> _THE TASK_
Print exactly the lines below between the line containing "E-Bike Telefunken RC822" and the line containing "5 Marla Residential", counting both of those lines. Leave pictures out.

**** RECORDS TO USE

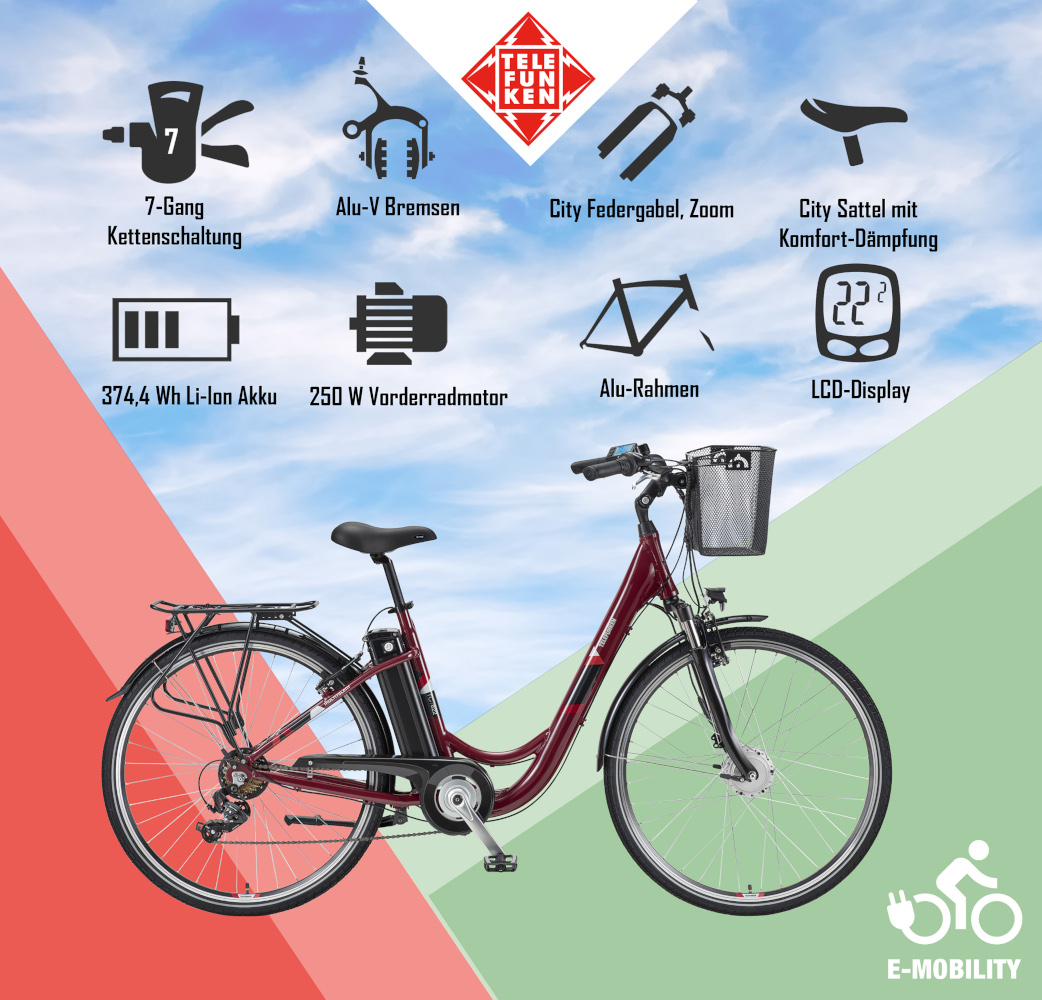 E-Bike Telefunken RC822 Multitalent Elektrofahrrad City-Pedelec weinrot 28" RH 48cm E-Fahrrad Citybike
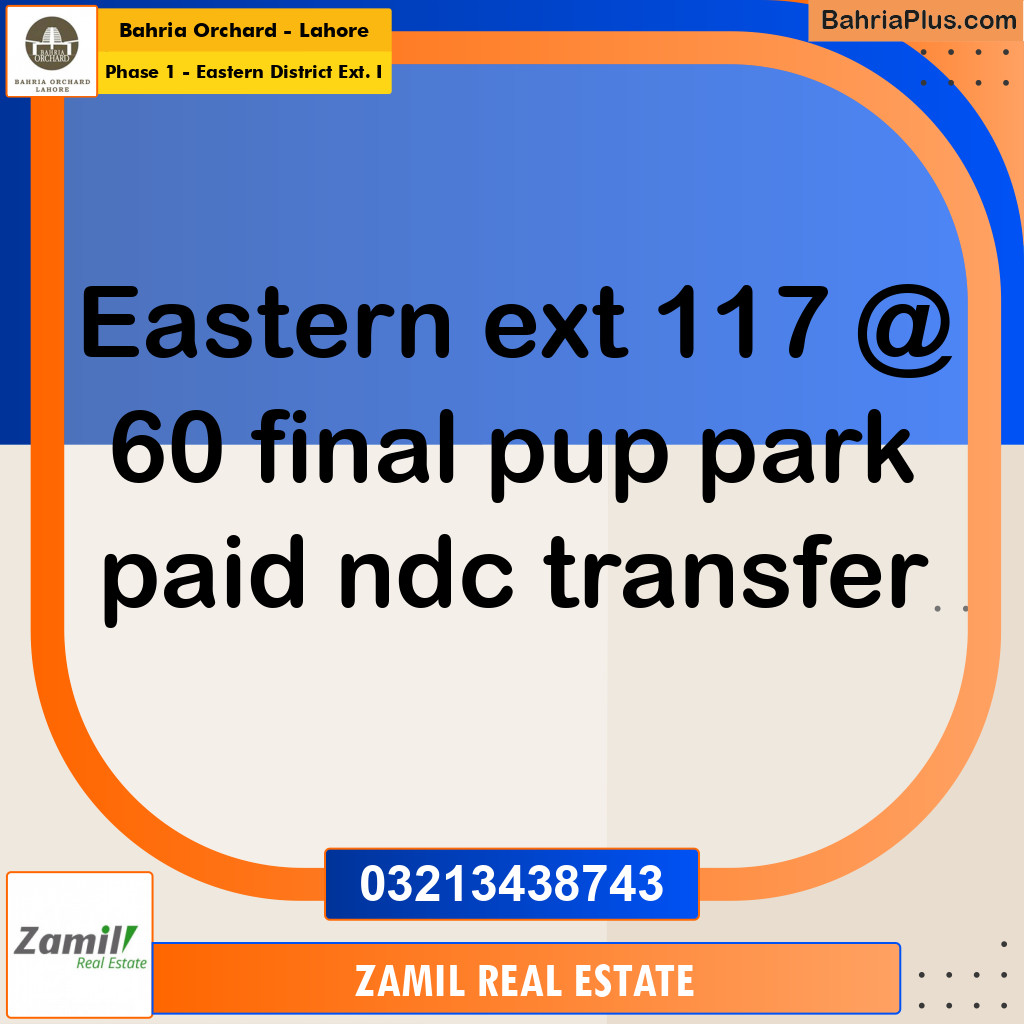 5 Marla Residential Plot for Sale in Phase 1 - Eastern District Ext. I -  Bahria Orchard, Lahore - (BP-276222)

********
**** RECORDS TO USE

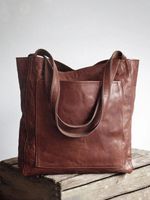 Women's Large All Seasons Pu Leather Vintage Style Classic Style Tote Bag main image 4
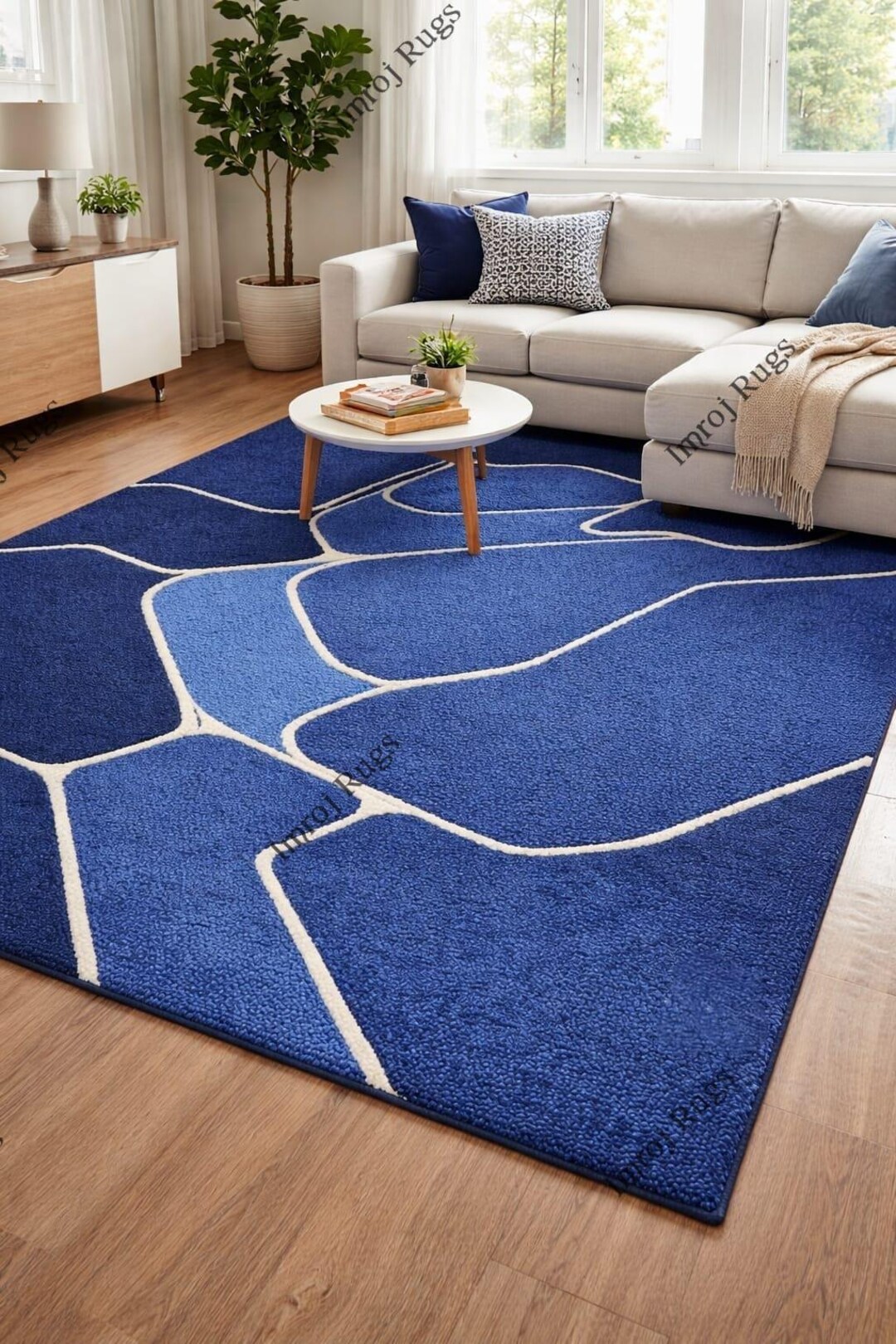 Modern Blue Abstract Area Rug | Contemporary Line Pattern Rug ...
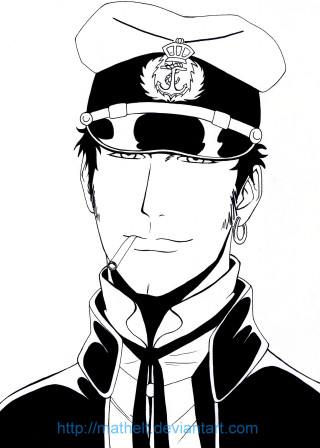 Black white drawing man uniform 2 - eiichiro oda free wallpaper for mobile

********
**** RECORDS TO USE

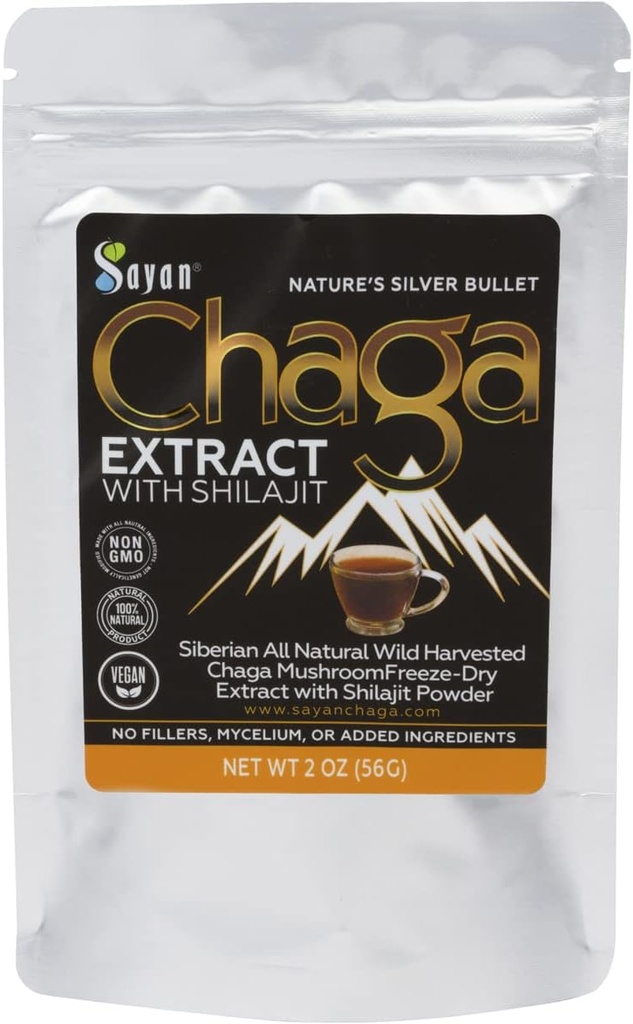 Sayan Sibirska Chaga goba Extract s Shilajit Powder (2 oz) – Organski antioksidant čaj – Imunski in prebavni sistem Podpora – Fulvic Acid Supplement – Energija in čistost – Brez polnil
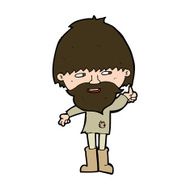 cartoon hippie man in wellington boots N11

********

> _RESULT OF THIS EXERCISE_
 E-Bike Telefunken RC822 Multitalent Elektrofahrrad City-Pedelec weinrot 28" RH 48cm E-Fahrrad Citybike
 5 Marla Residential Plot for Sale in Phase 1 - Eastern District Ext. I -  Bahria Orchard, Lahore - (BP-276222)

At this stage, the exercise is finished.